Sunday, March 16, 2025

Today I read Lou Plummer's review of raindrop.io and finally took the plunge.

I'd been resistant to using raindrop because it is an entirely cloud-based solution, and I tend to prefer local-first with cloud backups than purely cloud-based apps. But it outclasses every other option so much in functionality.

The journey started from the basic observation that bookmarks in Firefox (and its forks) suck. The folder structure and workflow is based primarily around where the bookmark is accessible in the interface, rather than something more logical like the content of the bookmark. This means you have a folder for bookmarks that will appear in the toolbar, and a folder for bookmarks that will display in the bookmarks menu, and then a folder for "other bookmarks". This is such a ludicrous organisation system. Why not let the user define their folder structure, and then just have a checkbox attached to each record as to whether the bookmark should be included in the toolbar? It gets even worse when mobile is included in the mix. Bookmarks saved from the mobile browser are, again, segregated to a separate folder. Worse, tags are not even supported in the mobile browser.

I don't know how Mozilla thinks this is acceptable in 2025. Mobile is not a secondary device for many users — it is their primary means to access the web. I probably do a majority of my recreational web-browsing in mobile. No access to tags just won't do.
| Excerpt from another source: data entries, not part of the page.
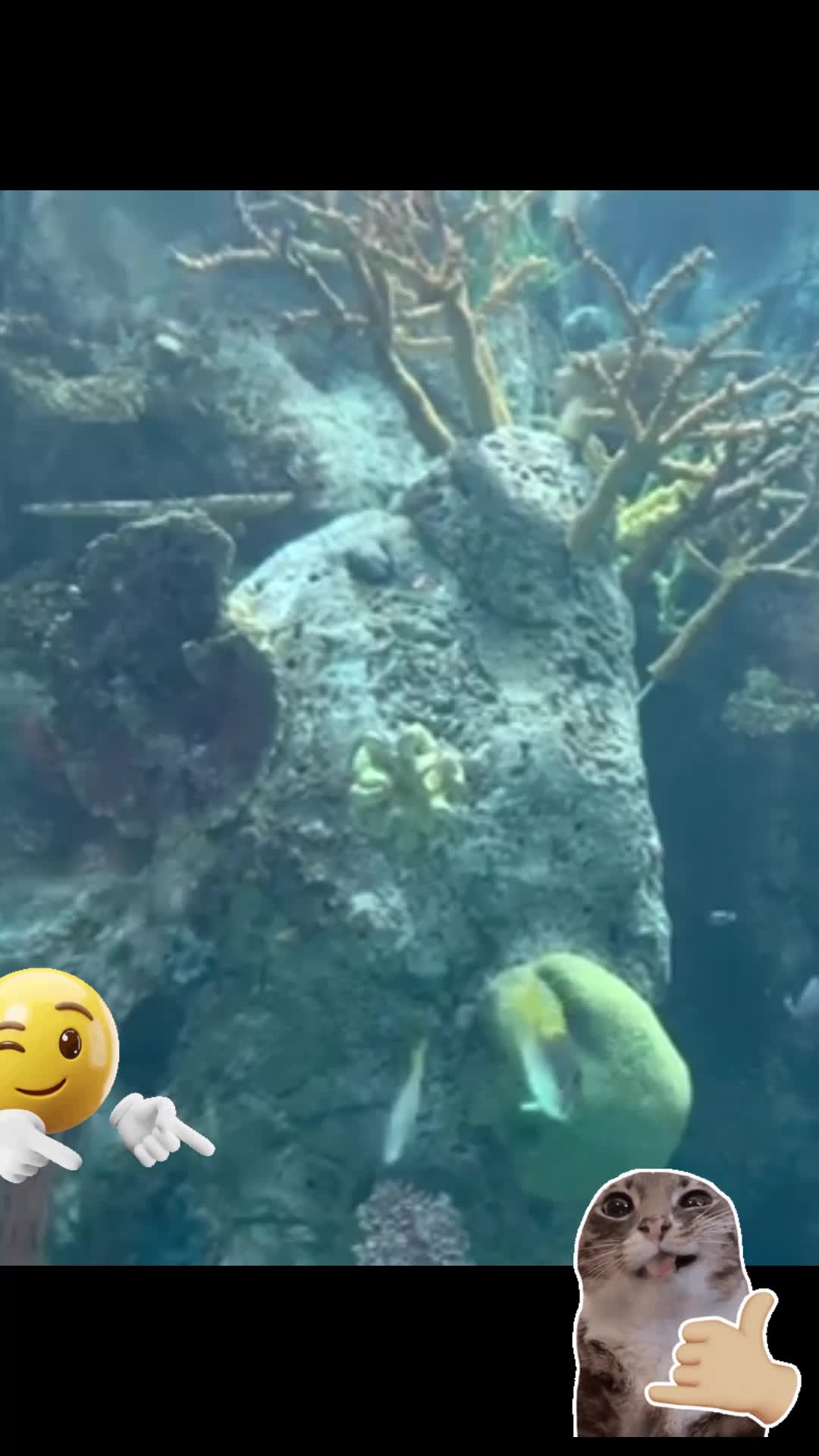 @Britthundo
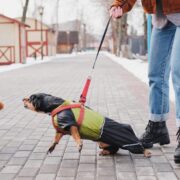 leash aggression in dogs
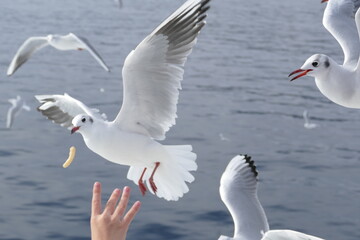 餌を追うカモメ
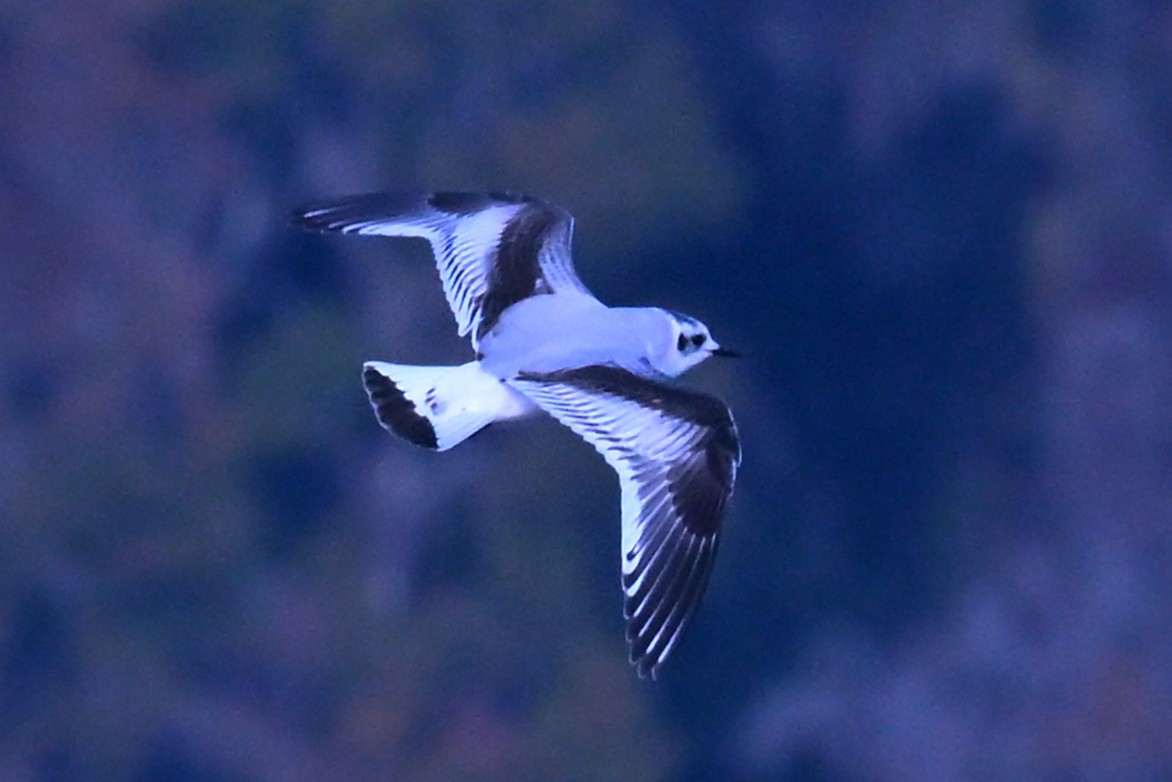 Mouette pygmée - ML646868711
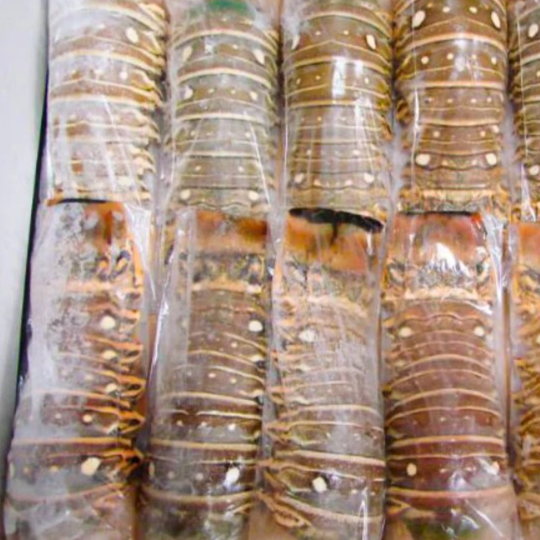 200g 急凍龍蝦尾 Lobster Tail 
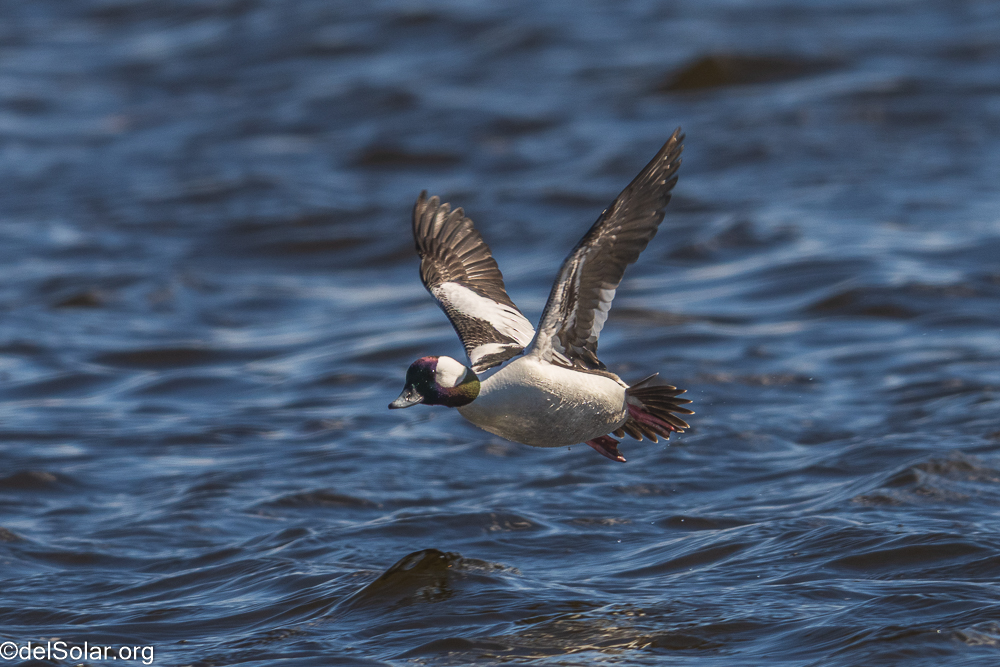 Bufflehead, birds  1/1600 sec at f / 8.0
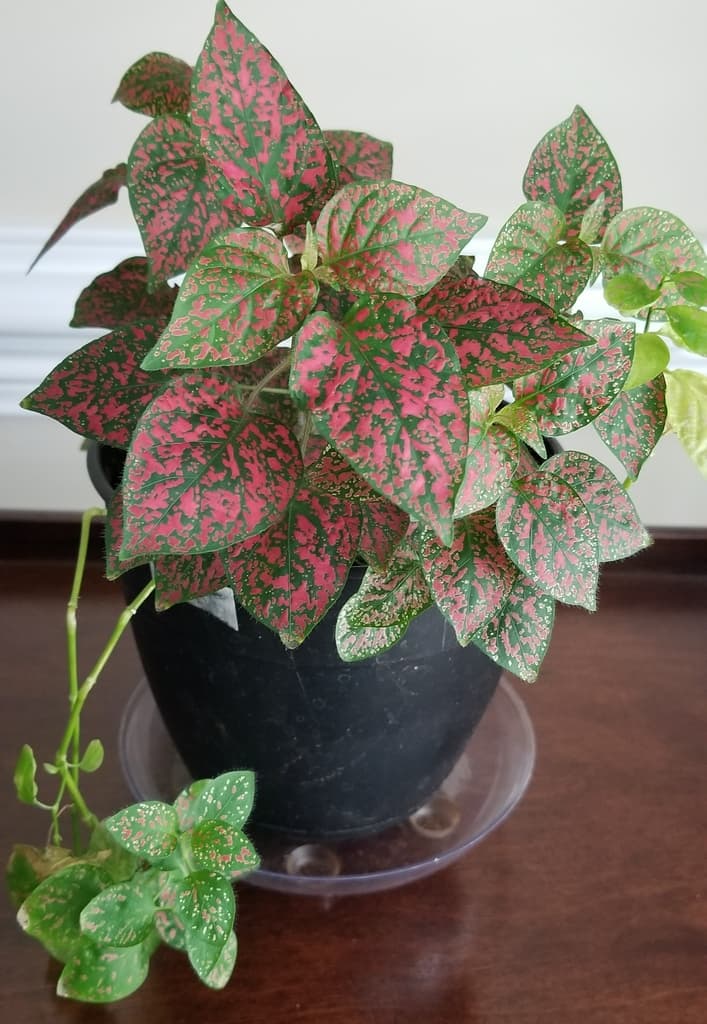 Pink and green polka dot plant leaves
There does not seem to be a great deal of options available for a bookmark manager on Linux. I first tried Linkwarden, which seemed okay, but the mobile version is lacking greatly. It's one of those apps that's actually just a website pretending to be an app, and there's no way to use Android's "Share" interface to save a link. Therefore, the only way to save a bookmark is to copy the url, load the "app", and paste it in. Maybe this wouldn't be so bad for some users, but I have an old slow phone. Leaving the browser, loading another app, and then going back to the browser was too much friction.

Next I tried Buku, a powerful CLI app for bookmarks, with optional browser-based GUI. It's a decent app, I enjoyed it. Organisation is entirely through tags, and one "positive" side effect was it forced me to go throuh my existing bookmarks and either delete them or tag them properly to make Buku actually useful. The big downside is not having any mobile option, and the slightly clunky experience of having to spin up a local server to use the web interface.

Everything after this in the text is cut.